System Administrator
(a)
The System Administrator authorizes via the N2SkyC portal using her browser on a desktop PC or mobile device. She will be redirected to the administration dashboard.
 
(b)
The user observes the Cloud environment.
 
(c)
She creates new monitoring charts showing specific metrics and adds it to the administration dashboard.
 
(d)
She creates alerts for newly created monitoring
 
(e)
The user is notified by the Alert Management System, if some events occur.
 
 

7 State and Availability of N2SkyC Project

N2SkyC is an academic research project, which is used in University courses on neural networks and information systems. However, until now no commercialization is planned and the source code is available as open-source and open for the public community.
The development is ongoing.

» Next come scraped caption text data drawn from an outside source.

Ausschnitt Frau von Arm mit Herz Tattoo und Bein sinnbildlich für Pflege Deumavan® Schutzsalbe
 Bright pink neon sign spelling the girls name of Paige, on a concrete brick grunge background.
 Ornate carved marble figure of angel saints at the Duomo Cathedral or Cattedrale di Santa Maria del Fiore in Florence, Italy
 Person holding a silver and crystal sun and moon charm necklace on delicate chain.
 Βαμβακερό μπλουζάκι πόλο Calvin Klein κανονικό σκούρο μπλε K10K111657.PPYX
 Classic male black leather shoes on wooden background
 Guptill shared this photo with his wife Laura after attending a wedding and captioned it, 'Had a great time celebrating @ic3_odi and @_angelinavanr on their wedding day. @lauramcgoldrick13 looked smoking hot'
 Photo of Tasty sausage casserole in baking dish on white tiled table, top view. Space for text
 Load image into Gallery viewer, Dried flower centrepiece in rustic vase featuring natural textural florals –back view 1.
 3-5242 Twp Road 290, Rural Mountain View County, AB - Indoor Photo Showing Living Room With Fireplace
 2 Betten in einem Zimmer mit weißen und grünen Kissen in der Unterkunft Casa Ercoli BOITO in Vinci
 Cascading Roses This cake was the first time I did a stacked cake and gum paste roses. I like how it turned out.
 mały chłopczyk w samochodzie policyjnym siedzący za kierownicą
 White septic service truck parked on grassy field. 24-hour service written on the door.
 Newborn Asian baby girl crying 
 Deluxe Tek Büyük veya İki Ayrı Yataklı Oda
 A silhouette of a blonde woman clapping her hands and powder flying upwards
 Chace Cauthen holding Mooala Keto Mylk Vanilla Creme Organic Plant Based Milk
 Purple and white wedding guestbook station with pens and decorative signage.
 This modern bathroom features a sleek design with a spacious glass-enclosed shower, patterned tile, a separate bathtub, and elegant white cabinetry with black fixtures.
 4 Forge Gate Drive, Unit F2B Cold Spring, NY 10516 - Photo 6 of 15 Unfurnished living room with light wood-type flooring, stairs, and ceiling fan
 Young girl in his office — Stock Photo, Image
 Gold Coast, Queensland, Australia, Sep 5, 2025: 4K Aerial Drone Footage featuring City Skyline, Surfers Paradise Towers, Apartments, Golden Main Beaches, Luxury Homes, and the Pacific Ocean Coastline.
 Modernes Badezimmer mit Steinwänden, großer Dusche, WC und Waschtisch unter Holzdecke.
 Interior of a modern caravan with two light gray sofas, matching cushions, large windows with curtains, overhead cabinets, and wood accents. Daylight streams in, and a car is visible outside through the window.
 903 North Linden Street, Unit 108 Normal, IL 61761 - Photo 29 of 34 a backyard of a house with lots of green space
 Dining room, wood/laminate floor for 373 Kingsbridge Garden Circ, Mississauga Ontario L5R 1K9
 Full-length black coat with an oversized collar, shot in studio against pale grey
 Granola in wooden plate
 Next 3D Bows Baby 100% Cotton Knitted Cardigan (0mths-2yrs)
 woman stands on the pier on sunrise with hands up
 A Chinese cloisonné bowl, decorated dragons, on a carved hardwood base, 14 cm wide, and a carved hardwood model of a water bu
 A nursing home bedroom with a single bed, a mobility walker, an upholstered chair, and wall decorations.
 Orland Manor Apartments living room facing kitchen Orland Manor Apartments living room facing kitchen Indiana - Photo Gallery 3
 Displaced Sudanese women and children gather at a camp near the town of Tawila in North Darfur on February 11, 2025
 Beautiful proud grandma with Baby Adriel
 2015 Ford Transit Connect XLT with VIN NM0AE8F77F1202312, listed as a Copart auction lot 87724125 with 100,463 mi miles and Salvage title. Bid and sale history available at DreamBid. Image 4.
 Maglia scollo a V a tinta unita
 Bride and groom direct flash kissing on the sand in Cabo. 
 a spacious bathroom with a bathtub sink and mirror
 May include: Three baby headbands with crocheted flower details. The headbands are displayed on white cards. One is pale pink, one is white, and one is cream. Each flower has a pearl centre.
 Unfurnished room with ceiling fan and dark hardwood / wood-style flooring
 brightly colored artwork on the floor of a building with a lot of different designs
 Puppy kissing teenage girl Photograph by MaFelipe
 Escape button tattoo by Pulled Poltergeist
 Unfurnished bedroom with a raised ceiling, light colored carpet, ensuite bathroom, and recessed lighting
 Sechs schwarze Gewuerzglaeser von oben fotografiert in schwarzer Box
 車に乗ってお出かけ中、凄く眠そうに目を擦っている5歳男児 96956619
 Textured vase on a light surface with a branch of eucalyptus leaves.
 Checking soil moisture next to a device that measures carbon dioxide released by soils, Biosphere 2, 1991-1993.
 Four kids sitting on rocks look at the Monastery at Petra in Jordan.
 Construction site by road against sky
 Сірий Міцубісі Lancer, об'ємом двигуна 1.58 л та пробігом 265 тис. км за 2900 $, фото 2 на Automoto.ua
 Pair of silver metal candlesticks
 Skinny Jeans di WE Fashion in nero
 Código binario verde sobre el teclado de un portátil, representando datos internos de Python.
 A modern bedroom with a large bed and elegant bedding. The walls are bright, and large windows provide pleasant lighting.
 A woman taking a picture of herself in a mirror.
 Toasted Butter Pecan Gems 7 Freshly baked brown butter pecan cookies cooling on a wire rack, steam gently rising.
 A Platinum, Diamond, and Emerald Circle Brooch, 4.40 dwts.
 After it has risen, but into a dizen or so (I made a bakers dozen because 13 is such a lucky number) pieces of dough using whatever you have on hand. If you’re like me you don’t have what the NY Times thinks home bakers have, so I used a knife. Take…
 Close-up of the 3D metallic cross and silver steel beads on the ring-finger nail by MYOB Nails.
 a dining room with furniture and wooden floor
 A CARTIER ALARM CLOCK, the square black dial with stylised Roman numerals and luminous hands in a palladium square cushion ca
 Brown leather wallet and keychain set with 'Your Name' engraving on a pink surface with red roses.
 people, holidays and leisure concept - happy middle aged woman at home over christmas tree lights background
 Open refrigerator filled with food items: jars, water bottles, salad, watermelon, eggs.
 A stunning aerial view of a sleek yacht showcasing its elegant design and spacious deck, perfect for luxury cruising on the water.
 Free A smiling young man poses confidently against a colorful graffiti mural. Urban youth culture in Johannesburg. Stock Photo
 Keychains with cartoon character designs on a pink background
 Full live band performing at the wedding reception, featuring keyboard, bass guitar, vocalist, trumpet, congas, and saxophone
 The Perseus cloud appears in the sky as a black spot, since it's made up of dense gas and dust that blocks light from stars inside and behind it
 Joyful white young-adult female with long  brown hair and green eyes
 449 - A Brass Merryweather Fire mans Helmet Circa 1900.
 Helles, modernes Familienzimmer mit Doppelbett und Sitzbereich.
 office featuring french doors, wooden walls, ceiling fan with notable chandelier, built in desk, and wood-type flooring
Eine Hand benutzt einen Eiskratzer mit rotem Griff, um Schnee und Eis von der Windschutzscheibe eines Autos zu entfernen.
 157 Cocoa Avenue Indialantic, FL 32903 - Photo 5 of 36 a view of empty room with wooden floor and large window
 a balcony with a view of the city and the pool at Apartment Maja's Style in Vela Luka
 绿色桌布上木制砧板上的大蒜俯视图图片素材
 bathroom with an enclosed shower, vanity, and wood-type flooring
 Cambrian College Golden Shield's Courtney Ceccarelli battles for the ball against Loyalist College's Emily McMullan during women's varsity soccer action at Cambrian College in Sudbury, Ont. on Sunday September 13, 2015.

We are now focussing on the, for the user transparent, integration of N2Container as execution engine into the N2SkyC framework.
The novel N2SkyC system and the N2Container execution stack, specifically their documentation, demos, virtual images and code, can be accessed and downloaded from the respective sites.9,10
For update requests and/or error reports email links to the authors are provided via the N2SkyC web site.
Examples and use cases going beyond this paper showing the capabilities of the N2SkyC system can be found in several master theses created in the course of this project, as [1, 7, 16].

8 Conclusion and Future Work

We presented the novel microservice based N2SkyC architecture, which aims for increased extensibility, portability, dynamic orchestration and performance fostering Cloud container technology.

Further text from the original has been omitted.